Images are loaded using ImageDataGenerator with the following setup:

datagen = ImageDataGenerator(rescale=1./255)
dataset = datagen.flow_from_directory(
    data_path,
    target_size=(64, 64),
    batch_size=batch_size,
    class_mode=None)

Model Architecture

Generator

The generator maps a 100-dimensional noise vector to a 64×64 RGB image using a series of transposed convolutions.

model = Sequential()
model.add(Dense(8*8*256, input_dim=100))
model.add(Reshape((8, 8, 256)))
model.add(BatchNormalization())
model.add(Conv2DTranspose(128, kernel_size=4, strides=2, padding='same', activation='relu'))
model.add(BatchNormalization())
model.add(Conv2DTranspose(64, kernel_size=4, strides=2, padding='same', activation='relu'))
model.add(BatchNormalization())
model.add(Conv2DTranspose(3, kernel_size=4, strides=2, padding='same', activation='tanh'))

Discriminator

The discriminator uses Conv2D layers to downsample images and classify them as real or fake.

model = Sequential()
model.add(Conv2D(64, kernel_size=4, strides=2, padding='same', input_shape=(64, 64, 3)))
model.add(LeakyReLU(alpha=0.2))
model.add(Conv2D(128, kernel_size=4, strides=2, padding='same'))
model.add(LeakyReLU(alpha=0.2))
model.add(Flatten())
model.add(Dense(1, activation='sigmoid'))

GAN Training

The discriminator and generator are compiled separately:

discriminator.compile(loss='binary_crossentropy', optimizer=Adam(0.0002, 0.5), metrics=['accuracy'])

# Freeze discriminator weights during generator training
discriminator.trainable = False

# Combined GAN model
gan_input = Input(shape=(100,))
generated_image = generator(gan_input)
gan_output = discriminator(generated_image)
gan = Model(gan_input, gan_output)
gan.compile(loss='binary_crossentropy', optimizer=Adam(0.0002, 0.5))

Training Loop

for epoch in range(epochs):
    # Sample real images
    real_imgs = dataset.next()
    # Generate fake images
    noise = np.random.normal(0, 1, (batch_size, 100))
    fake_imgs = generator.predict(noise)

    # Train discriminator
    d_loss_real = discriminator.train_on_batch(real_imgs, real_labels)
    d_loss_fake = discriminator.train_on_batch(fake_imgs, fake_labels)

    # Train generator
    noise = np.random.normal(0, 1, (batch_size, 100))
    g_loss = gan.train_on_batch(noise, real_labels)
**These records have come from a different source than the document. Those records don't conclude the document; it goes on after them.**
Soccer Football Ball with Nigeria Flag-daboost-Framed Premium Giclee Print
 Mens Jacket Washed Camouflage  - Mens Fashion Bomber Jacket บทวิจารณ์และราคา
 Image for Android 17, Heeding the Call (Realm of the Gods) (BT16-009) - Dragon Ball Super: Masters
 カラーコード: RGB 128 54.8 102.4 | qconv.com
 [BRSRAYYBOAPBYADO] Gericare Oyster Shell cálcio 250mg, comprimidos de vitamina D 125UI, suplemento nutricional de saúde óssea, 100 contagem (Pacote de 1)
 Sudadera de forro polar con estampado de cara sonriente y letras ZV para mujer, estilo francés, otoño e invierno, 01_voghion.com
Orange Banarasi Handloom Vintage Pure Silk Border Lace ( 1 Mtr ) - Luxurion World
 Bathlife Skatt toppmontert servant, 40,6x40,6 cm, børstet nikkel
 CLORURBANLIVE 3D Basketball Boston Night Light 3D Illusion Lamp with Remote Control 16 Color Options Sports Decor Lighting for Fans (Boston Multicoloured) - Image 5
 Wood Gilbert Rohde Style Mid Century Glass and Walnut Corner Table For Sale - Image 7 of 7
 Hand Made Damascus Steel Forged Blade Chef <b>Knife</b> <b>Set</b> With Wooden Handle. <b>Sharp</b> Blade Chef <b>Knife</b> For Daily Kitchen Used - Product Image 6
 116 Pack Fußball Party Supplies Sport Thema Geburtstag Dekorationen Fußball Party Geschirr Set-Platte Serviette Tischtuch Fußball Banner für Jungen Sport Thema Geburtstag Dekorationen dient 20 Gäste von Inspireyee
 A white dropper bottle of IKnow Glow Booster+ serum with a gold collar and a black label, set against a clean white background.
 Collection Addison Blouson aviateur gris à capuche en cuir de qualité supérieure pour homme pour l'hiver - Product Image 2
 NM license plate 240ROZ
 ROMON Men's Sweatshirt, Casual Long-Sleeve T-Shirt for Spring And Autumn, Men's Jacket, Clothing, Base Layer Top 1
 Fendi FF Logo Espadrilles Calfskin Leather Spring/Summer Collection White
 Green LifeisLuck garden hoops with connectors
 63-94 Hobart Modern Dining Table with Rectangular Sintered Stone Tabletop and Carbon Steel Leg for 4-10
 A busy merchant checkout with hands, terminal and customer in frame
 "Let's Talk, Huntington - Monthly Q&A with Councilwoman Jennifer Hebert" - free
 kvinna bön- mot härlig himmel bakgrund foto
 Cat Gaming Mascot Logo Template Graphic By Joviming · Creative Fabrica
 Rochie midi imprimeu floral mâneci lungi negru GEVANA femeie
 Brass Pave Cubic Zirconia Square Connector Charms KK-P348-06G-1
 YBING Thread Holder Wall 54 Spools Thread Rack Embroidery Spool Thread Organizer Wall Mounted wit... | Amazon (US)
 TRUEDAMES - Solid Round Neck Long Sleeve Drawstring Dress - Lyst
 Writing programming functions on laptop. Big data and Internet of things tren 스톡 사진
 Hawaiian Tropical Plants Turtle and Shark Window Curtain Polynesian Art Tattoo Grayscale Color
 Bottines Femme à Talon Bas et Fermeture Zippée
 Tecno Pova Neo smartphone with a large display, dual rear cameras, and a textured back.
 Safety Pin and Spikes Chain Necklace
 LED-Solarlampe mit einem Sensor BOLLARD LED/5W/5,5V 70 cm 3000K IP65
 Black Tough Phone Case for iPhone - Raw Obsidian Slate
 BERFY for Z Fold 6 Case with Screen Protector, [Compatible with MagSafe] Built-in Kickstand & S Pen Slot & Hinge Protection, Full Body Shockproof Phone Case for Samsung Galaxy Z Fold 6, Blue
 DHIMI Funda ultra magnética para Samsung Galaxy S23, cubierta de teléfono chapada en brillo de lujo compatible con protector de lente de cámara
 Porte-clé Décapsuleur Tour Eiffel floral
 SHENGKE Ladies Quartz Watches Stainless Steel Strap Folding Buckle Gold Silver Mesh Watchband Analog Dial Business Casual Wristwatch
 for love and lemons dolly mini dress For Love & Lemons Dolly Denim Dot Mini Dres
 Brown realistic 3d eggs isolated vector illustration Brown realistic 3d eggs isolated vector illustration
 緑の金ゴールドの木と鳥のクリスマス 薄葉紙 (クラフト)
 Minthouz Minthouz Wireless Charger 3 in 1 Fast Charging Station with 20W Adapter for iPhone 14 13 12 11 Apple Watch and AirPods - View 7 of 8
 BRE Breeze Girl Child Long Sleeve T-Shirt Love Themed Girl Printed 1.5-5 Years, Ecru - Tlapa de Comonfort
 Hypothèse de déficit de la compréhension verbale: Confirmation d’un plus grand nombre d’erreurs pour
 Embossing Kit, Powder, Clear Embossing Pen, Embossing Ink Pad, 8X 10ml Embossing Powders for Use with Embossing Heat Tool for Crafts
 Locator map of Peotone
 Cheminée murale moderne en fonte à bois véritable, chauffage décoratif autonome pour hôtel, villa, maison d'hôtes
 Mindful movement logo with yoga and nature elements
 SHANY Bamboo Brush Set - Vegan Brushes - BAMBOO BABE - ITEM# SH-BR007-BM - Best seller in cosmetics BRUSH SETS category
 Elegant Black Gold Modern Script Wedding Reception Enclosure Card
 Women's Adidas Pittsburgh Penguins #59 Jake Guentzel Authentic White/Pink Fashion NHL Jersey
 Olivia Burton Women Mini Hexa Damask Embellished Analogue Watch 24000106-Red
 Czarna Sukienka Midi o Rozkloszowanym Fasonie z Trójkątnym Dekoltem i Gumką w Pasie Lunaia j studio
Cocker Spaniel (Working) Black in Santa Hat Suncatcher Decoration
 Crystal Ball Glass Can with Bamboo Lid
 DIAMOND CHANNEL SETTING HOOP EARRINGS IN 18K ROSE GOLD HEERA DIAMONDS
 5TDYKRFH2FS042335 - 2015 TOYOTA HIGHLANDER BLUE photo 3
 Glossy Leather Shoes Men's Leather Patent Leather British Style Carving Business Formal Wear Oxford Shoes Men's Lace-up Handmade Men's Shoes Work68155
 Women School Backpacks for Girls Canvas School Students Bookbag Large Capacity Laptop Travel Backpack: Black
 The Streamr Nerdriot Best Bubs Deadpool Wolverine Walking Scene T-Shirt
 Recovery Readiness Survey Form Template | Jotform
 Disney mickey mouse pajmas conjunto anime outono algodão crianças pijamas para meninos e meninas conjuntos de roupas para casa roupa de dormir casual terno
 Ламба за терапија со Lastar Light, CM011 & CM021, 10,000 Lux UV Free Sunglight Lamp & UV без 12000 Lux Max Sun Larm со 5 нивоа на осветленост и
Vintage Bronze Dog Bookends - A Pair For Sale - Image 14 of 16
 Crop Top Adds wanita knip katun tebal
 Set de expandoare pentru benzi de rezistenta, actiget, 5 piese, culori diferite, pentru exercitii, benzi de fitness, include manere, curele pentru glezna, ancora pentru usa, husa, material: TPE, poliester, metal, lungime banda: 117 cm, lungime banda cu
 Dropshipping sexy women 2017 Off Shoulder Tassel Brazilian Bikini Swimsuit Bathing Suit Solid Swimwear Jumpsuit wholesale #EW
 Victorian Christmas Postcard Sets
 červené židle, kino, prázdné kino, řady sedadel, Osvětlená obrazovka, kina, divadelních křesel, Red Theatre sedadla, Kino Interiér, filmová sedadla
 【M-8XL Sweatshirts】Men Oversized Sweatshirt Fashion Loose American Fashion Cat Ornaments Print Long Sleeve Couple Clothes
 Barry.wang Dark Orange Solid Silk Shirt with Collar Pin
    # Save generated images for monitoring
    if epoch % sample_interval == 0:
        save_generated_images(generator, epoch)

Results

Images are saved every 10 epochs showing gradual improvement.
Early outputs are noisy; mid-to-late training shows better-defined anime facial structures.
DCGAN successfully learns to generate convincing anime faces with minimal architectural complexity.

This project demonstrates how a DCGAN built with Keras and TensorFlow can effectively generate realistic anime-style faces from random noise. By leveraging transposed convolutions in the generator and convolutional layers in the discriminator, the model learns to produce increasingly detailed images over time. While basic in architecture, the results highlight the potential of GANs in creative AI applications. With further improvements such as advanced loss functions, deeper networks, and richer datasets, the quality and diversity of generated outputs can be significantly enhanced.